Je partage la même idée que Taqi Binesh (1911-1996) qui écrit que malgré l’authenticité et l’ancienneté de la musique persane , il nous manque une histoire précise et tangible avec laquelle on pourrait suivre la continuité de cette musique. C’est pourquoi je suis obligé, parfois, de me servir des œuvres des anciens grands poètes iraniens, mais leurs écrits, comme l’affirme Binesh , ne sont pas basés sur une recherche scientifique et sont plutôt abstraits. Il faut noter que nous faisons une différence entre le santur et les instruments appartenant à la famille des cithares sur table ou sur planche.

Concernant les instruments, il ne nous reste que quelques traités anciens dans lesquels nous pouvons les étudier, mais pour le santur, il est très difficile de trouver des renseignements précis.

La description la plus ancienne d’un santur (santîr) provient d’un manuscrit égyptien du XIVe siècle conservé dans le musée du Palais Topakpi d’Istanbul . Une illustration montre un musicien pinçant les cordes d’un instrument en forme de trapèze rectangle et mentionne le terme santur.

La plus ancienne représentation du santur date de la fin de XV siècle . Il est représenté aux côtés d’un chang et d’un luth, formant un trio joué par des musiciennes. C’est par ce biais que de nombreux éléments de lutherie européens ont pénétré en Iran.

Un des rois de la dynastie Safavide, Shâh Tahmâseb (1524-1576), déclara la musique illicite (harâm) ; de nombreux musiciens iraniens émigrèrent donc vers l’Inde et tous les métiers se rapportant à la musique devinrent le monopole de la minorité juive.

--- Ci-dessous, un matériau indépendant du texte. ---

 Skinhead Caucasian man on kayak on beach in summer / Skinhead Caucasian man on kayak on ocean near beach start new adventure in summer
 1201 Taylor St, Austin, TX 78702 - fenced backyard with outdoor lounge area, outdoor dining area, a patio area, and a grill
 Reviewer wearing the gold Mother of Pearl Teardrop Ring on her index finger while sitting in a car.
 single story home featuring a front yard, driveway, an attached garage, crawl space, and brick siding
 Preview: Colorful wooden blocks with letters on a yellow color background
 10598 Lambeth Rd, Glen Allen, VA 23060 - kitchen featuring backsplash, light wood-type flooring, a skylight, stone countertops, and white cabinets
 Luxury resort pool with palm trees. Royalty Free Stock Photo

L’existence du santur est confirmée à Esfahân à l’époque Safavide (1502-1722), mais on ne trouve nulle part le nom d’un maître ou joueur de santur . Pourtant, pour cette époque, Mash’hûn cite le nom de vingt-deux autres musiciens . Sans doute cet instrument est-il très apprécié à l’époque de Shâh Abbâs (1571-1629), car il est souvent cité dans les carnets des voyageurs, sans les noms des instrumentistes. Tavernier raconte qu’il a été invité par le Shâh à une soirée musicale : « Aprés qu’elles eurent fait quelques tours de danse, le Roy leur fit signe de se retirer, & voulut nous faire entendre sa musique. Elle estoit composée de voix & d’instrumens, & ces instrumens approchent en quelque sorte de la maniere des nôtres. Il y avoit une espece de lut, & une forme de guiterre avec une petite épinete, & deux ou trois grosses flûtes » .

A la même époque, Ali ufkir (1610-1675), d’origine polonaise, linguiste, poète et chroniqueur, devient maître de musique et joueur de santur. A la cour ottomane, essentiellement à l’époque de Selim III (1789-1807), beaucoup de musiciens sont persans. Il apparaît également sur les fresques de Chehel sotûn, célèbre monument d’Ispahan bâti au XVIIe siècle .

Entre 1881 et 1884, l’archéologue français Marcel Dieulafoy effectue deux voyages en Perse au cours desquels il assiste à un mariage dans le quartier Jolfâ d’Isfahan. Il rapporte la présence d’un joueur de santur parmi les musiciens.

Dans le cimetière de Jôlfâ (quartier arménien d’Isfahân), il était courant de sculpter sur la tombe du défunt une stèle rappelant la profession de celui-ci. On a retrouvé la pierre tombale de ce musicien, joueur de santur au XVIIe siècle ; cette découverte montre non seulement que le santur était un instrument couramment utilisé à cette époque, mais aussi que les musiciens étaient bien souvent de confession non islamique. Curieusement, ce santur ressemble plutôt à un santur indien qu’à un santur iranien. Le santur iranien est trapézoïdal et l’indien est plus carré. La tête du mezrâb est en forme de la lettre ع (lettre arabe) comme dans la calligraphie persane (sols) et le mezrâb du santur indien est courbé. Le santur iranien a deux fleurs sur sa base et l’indien une seule.

Il faut noter que l’apparition de cet instrument dans la musique savante pourrait être relativement tardive, car il n’en existe aucune représentation antérieur à l’époque Qâjâr (1786-1925). Il est donc bien difficile d’affirmer quoi que ce soit sur l’origine de l’instrument.